=== Instructions for the task ===
Output the listing exactly as written, apart from its pictures.

=== Records provided ===
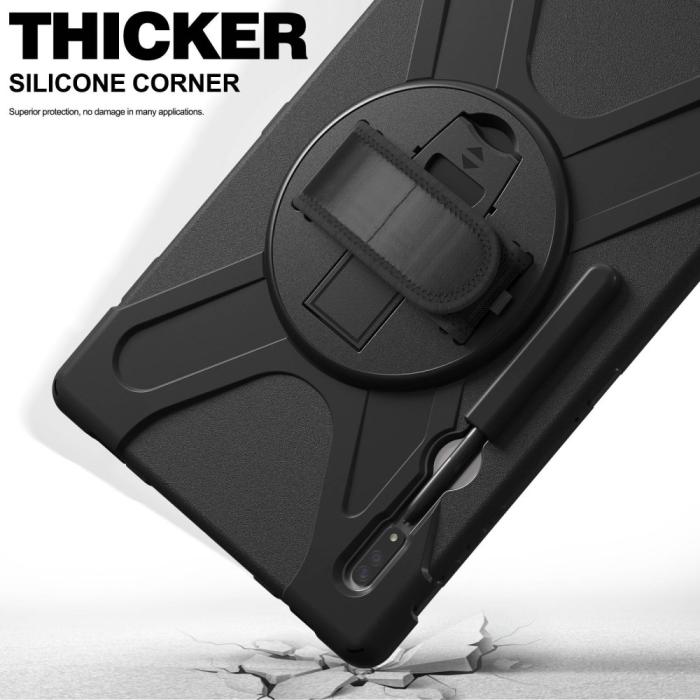 Bild 5, Galaxy Tab S8 Ultra Skal X-Shape Shockproof Kickstand
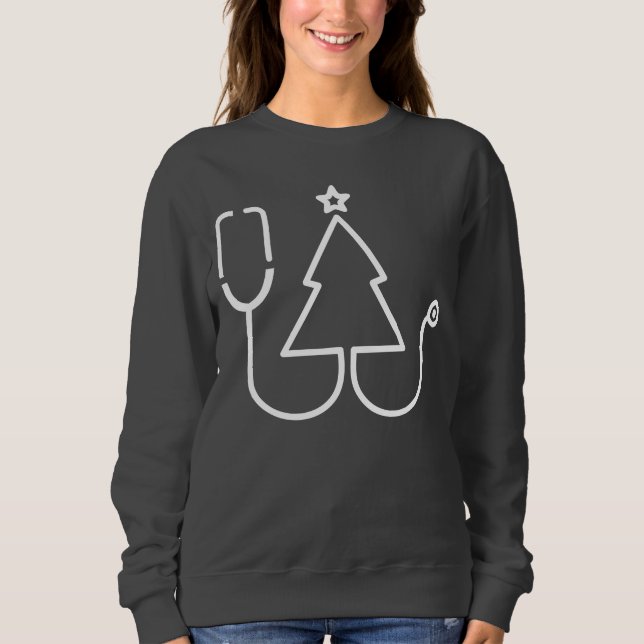 Stethoscope de soins de santé Sweatshirt d'arbre d (Devant)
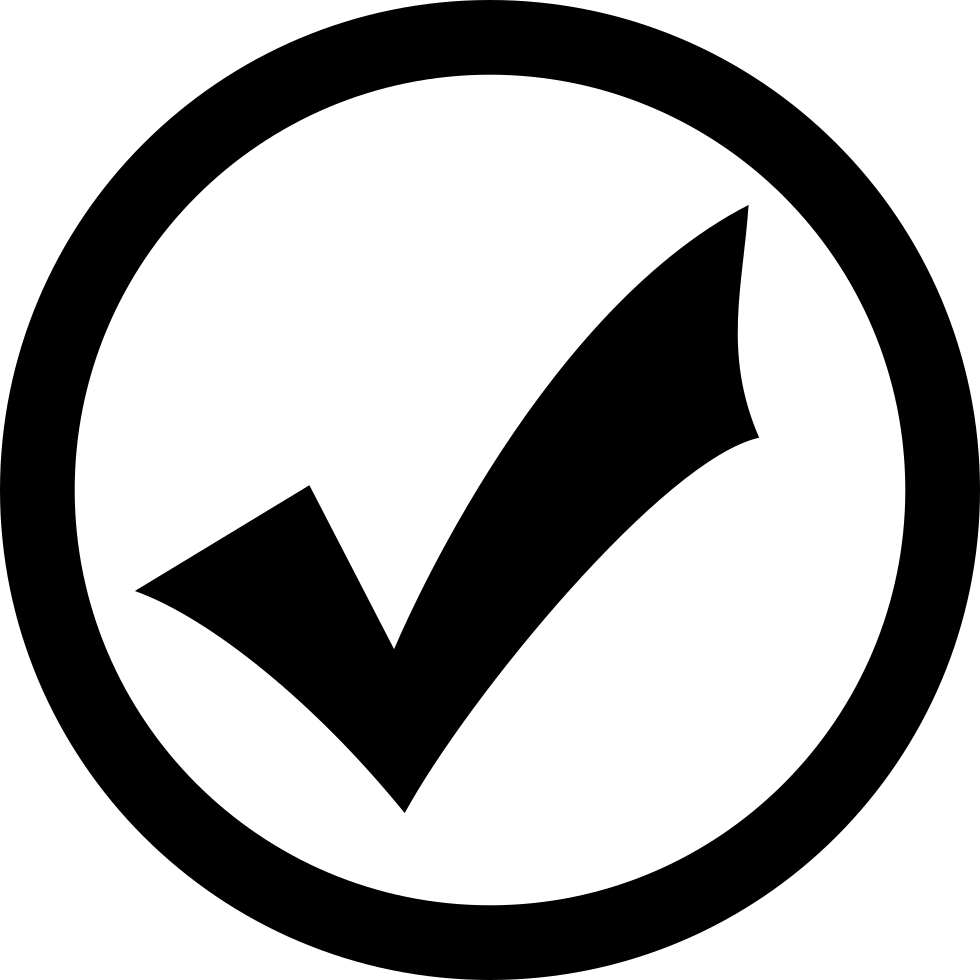 Checkmark Symbol Graphic PNG image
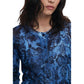 Desigual Blue Viscose Cardigan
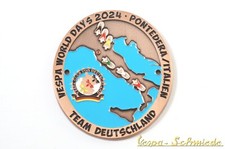 Metall plakette vespa world - "vespa,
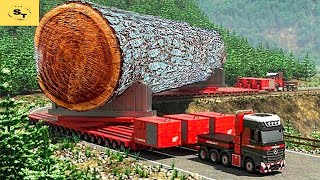 Extreme Dangerous Monster Logging Wood Truck Driving Skills  Powerful Machines And Heavy Machinery [upl. by Hoes]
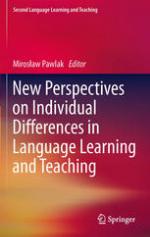 New Perspectives on Individual Differences in Language Learning and Teaching.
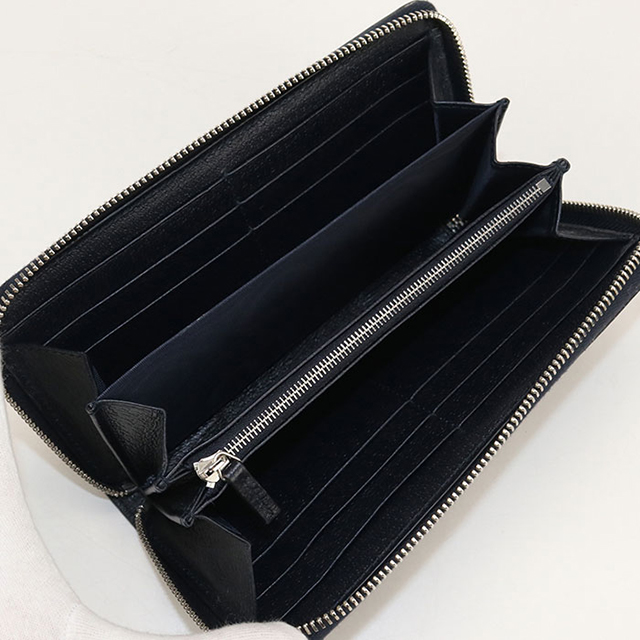 美品/現行✨グッチ 長財布 ラウンドファスナー オフィディア 紺 706844 GUCCI（グッチ） 中古 長財布ラウンドファスナー メンズ ブランド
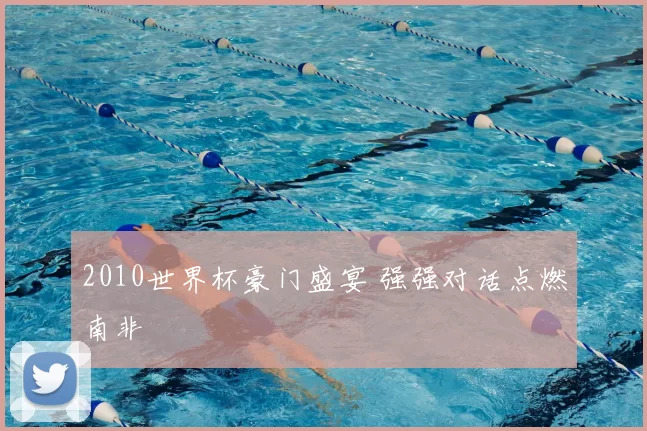 2010世界杯豪门盛宴 强强对话点燃南非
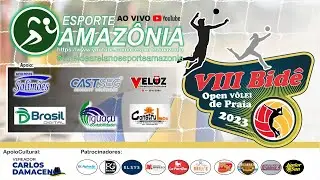 Finais do V&ocirc;lei de Praia Bid&ecirc; Open 2023 ao vivo no esporteamazonia no YouTube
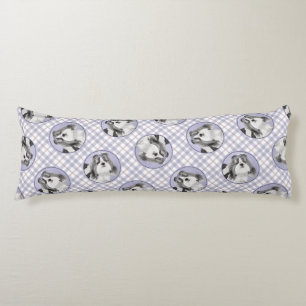 Shih Tzu Malerei Schwarz & Weiß Original Dog Art Seitenschläferkissen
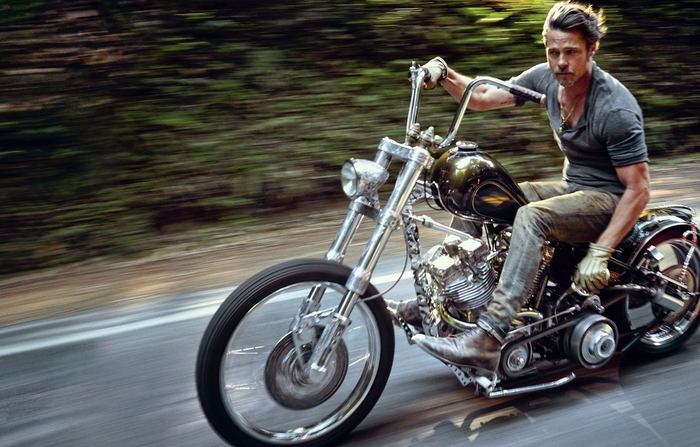 Мотоциклы - одно из главных пристрастий Брэда Питта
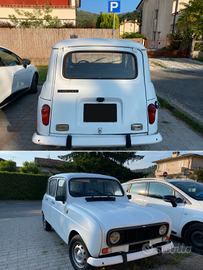 Renault R4 850 bianca del 1985, interni rifatti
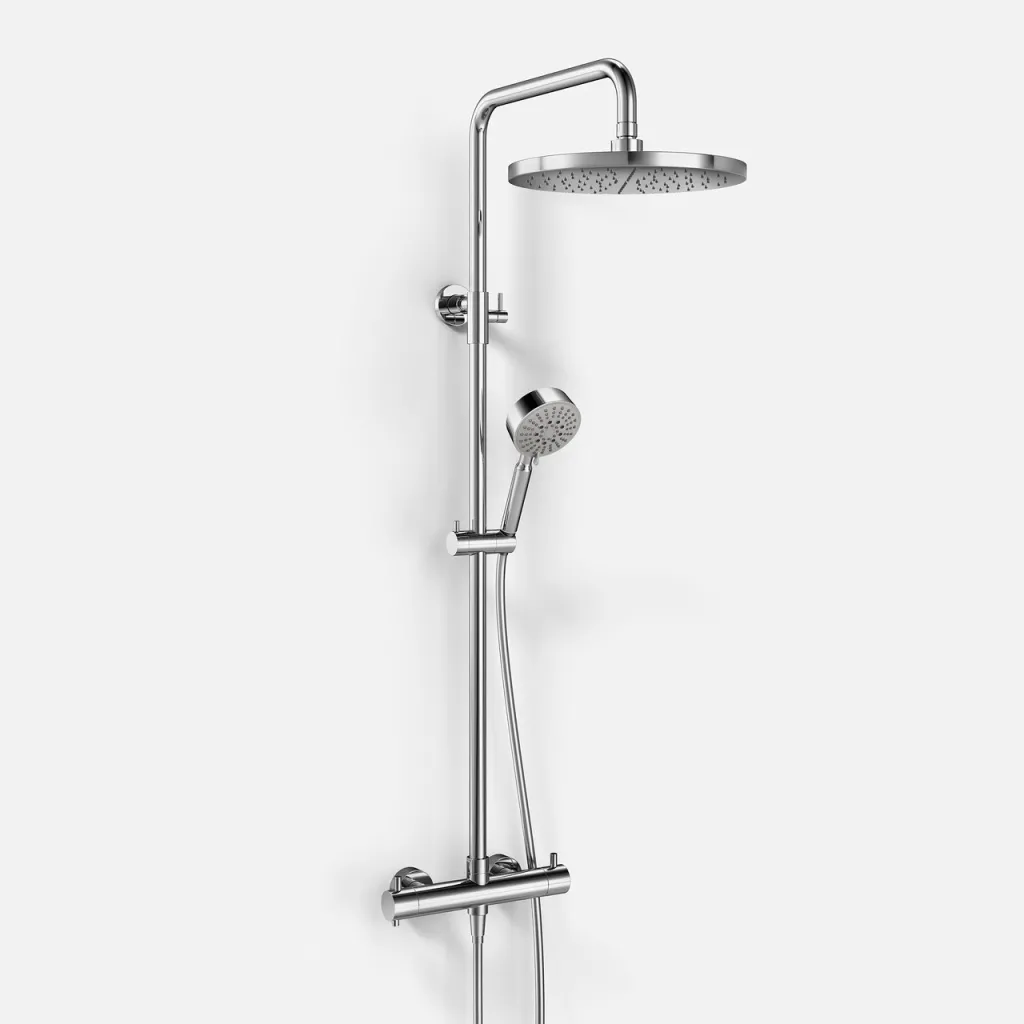 Classwell C900 - Termostatset XL Rain DeLuxe Ø30 EasyClean, Krom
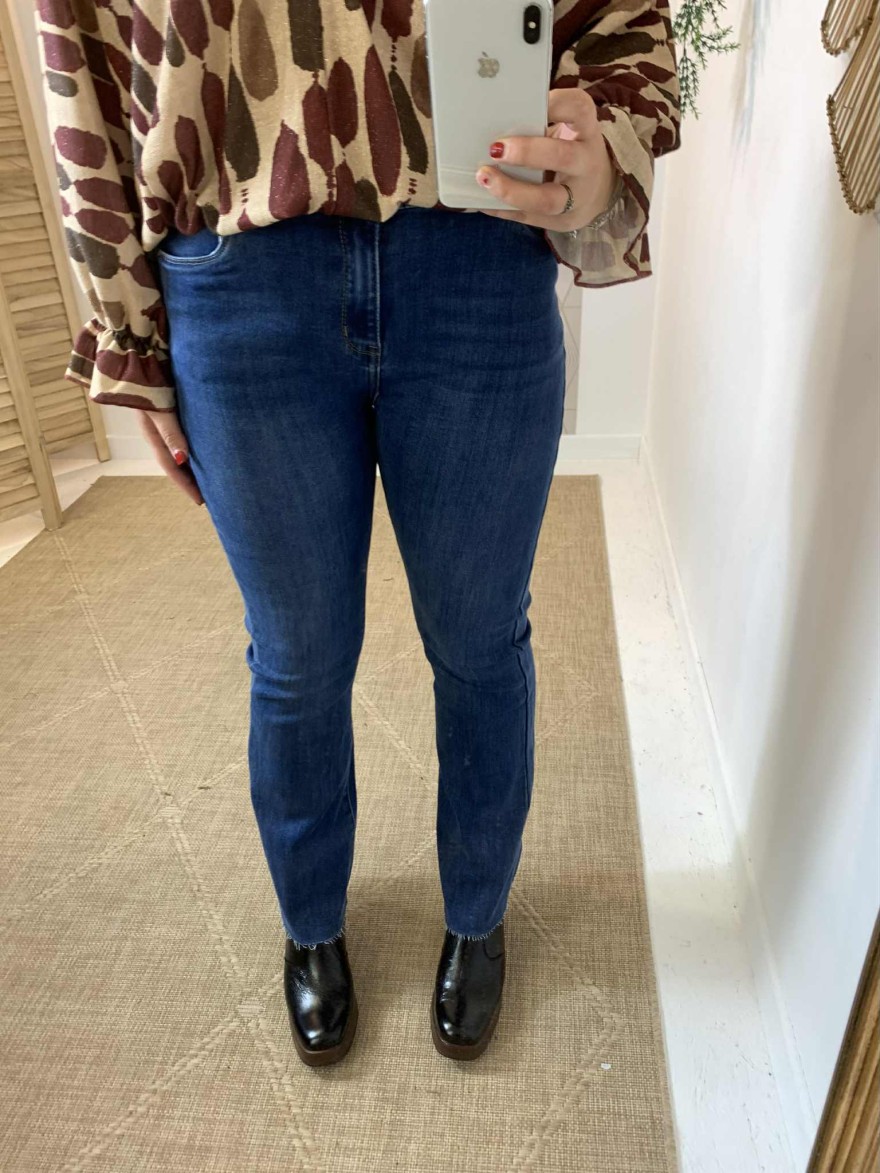 Jean brut flare taille haute Norfy | Marina & Paloma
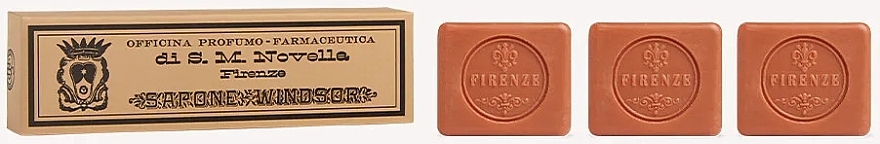 Set - Santa Maria Novella Windsor Soap Box (soap/3x50g) — photo N2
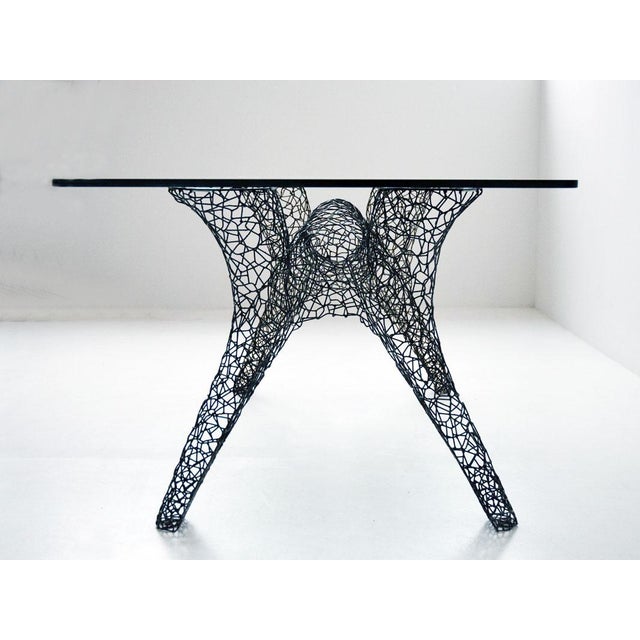 Black Vintage Miura Table by Anacleto Spazzapan, 2000s For Sale - Image 8 of 11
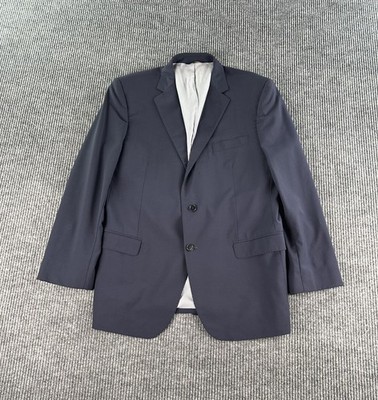 Brooks Brothers Suit Jacket 44 R Blue Wool Solid Explorer Madison Fit Luxury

=== Final answer ===
 Bild 5, Galaxy Tab S8 Ultra Skal X-Shape Shockproof Kickstand
 Stethoscope de soins de santé Sweatshirt d'arbre d (Devant)
 Checkmark Symbol Graphic PNG image
 Desigual Blue Viscose Cardigan
 Metall plakette vespa world - "vespa,
 Extreme Dangerous Monster Logging Wood Truck Driving Skills  Powerful Machines And Heavy Machinery [upl. by Hoes]
 New Perspectives on Individual Differences in Language Learning and Teaching.
 美品/現行✨グッチ 長財布 ラウンドファスナー オフィディア 紺 706844 GUCCI（グッチ） 中古 長財布ラウンドファスナー メンズ ブランド
 2010世界杯豪门盛宴 强强对话点燃南非
 Finais do V&ocirc;lei de Praia Bid&ecirc; Open 2023 ao vivo no esporteamazonia no YouTube
 Shih Tzu Malerei Schwarz & Weiß Original Dog Art Seitenschläferkissen
 Мотоциклы - одно из главных пристрастий Брэда Питта
 Renault R4 850 bianca del 1985, interni rifatti
 Classwell C900 - Termostatset XL Rain DeLuxe Ø30 EasyClean, Krom
 Jean brut flare taille haute Norfy | Marina & Paloma
 Set - Santa Maria Novella Windsor Soap Box (soap/3x50g) — photo N2
 Black Vintage Miura Table by Anacleto Spazzapan, 2000s For Sale - Image 8 of 11
 Brooks Brothers Suit Jacket 44 R Blue Wool Solid Explorer Madison Fit Luxury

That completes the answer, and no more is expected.